--- What this task involves ---
Retype each line below precisely and omit all images.

--- Information shown ---
<<<<

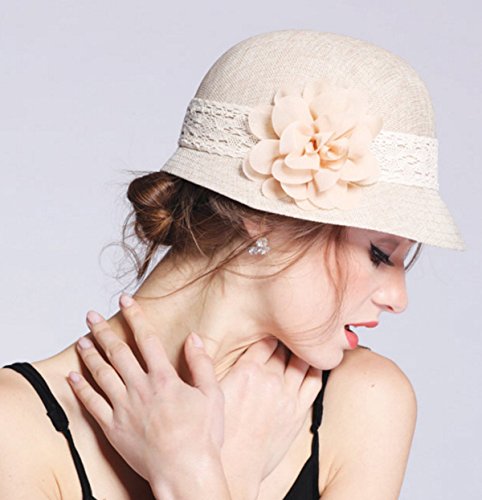 Women's Gatsby Linen Cloche Hat with Lace Band and Flower - color: Black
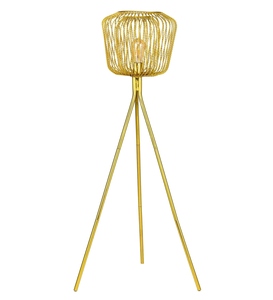 Lampe de table en fer, vente en gros, abat-jour en tissu doré, fabricant, lampe sur pied en treillis métallique personnalisée, OEM ODM, trépied doré en gros - Product Image 4
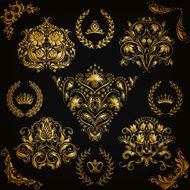 Set of vector damask ornaments N3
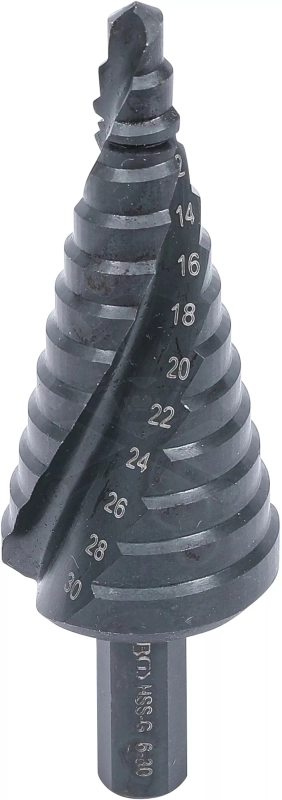 Lemezfúró, lépcsős 1 db-os HSS 6-30/2 mm - BGS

>>>>

--- Written solution ---
 Women's Gatsby Linen Cloche Hat with Lace Band and Flower - color: Black
 Lampe de table en fer, vente en gros, abat-jour en tissu doré, fabricant, lampe sur pied en treillis métallique personnalisée, OEM ODM, trépied doré en gros - Product Image 4
 Set of vector damask ornaments N3
 Lemezfúró, lépcsős 1 db-os HSS 6-30/2 mm - BGS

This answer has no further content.